Top of Data block

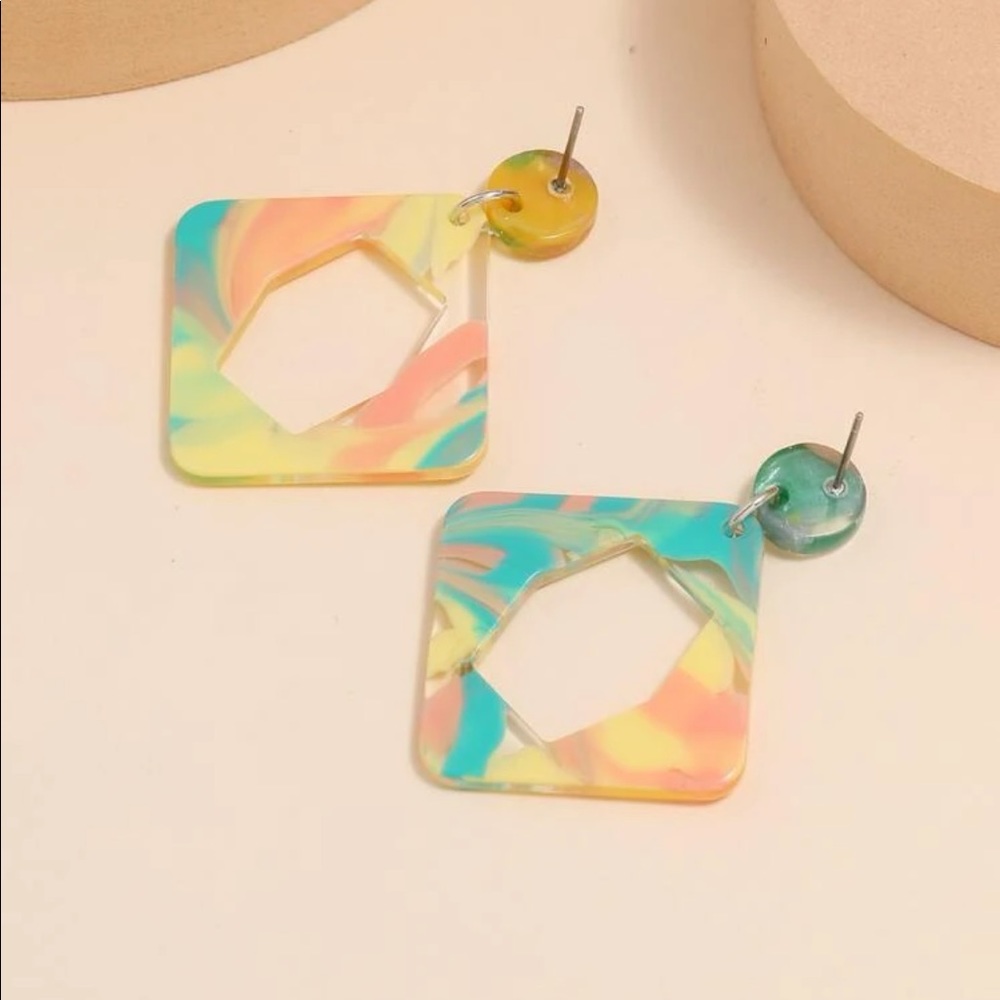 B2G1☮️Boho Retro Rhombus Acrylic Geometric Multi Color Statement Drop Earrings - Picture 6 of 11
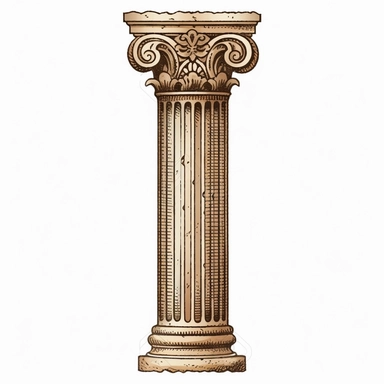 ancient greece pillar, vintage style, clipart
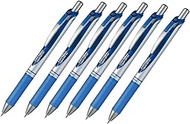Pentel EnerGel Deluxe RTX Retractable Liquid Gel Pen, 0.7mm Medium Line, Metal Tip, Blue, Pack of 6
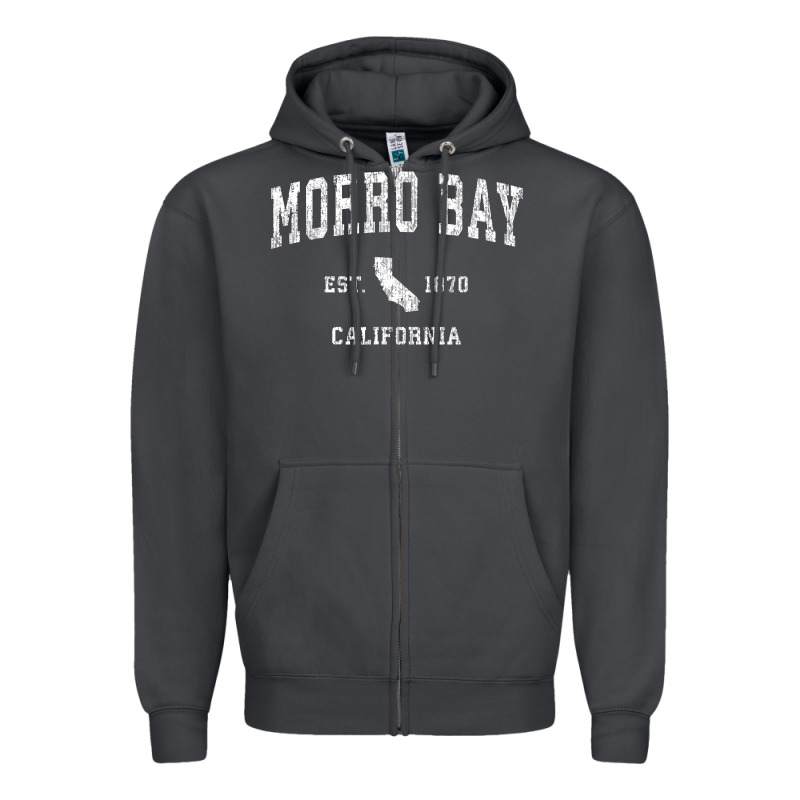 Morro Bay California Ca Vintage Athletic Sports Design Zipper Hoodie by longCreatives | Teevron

Bottom of Data block

What is required:
With all pictures omitted, return the lines from the line containing "ancient greece pillar, vintage" through the closing line of the listing above, exactly and inclusive.

Exercise answer:
 ancient greece pillar, vintage style, clipart
Pentel EnerGel Deluxe RTX Retractable Liquid Gel Pen, 0.7mm Medium Line, Metal Tip, Blue, Pack of 6
 Morro Bay California Ca Vintage Athletic Sports Design Zipper Hoodie by longCreatives | Teevron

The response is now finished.